→ Exercise description
For every line in the entries that contains "image", show the whole line.

### Supplied records ###

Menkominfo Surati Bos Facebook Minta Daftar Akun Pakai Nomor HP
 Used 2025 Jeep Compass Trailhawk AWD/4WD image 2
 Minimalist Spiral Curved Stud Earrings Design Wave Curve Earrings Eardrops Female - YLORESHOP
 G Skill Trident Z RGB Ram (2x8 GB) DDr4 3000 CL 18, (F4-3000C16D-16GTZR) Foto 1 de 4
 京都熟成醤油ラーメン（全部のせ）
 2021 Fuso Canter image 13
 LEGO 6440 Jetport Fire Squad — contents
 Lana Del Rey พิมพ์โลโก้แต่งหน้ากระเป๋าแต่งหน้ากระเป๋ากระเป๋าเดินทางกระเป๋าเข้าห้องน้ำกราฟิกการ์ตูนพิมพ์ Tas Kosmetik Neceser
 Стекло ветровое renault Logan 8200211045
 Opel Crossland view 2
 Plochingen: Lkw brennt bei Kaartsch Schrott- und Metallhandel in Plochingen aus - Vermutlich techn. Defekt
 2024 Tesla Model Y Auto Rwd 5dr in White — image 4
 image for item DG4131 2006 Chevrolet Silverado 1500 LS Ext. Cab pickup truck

###

→ Completed task
 Used 2025 Jeep Compass Trailhawk AWD/4WD image 2
 2021 Fuso Canter image 13
 2024 Tesla Model Y Auto Rwd 5dr in White — image 4
 image for item DG4131 2006 Chevrolet Silverado 1500 LS Ext. Cab pickup truck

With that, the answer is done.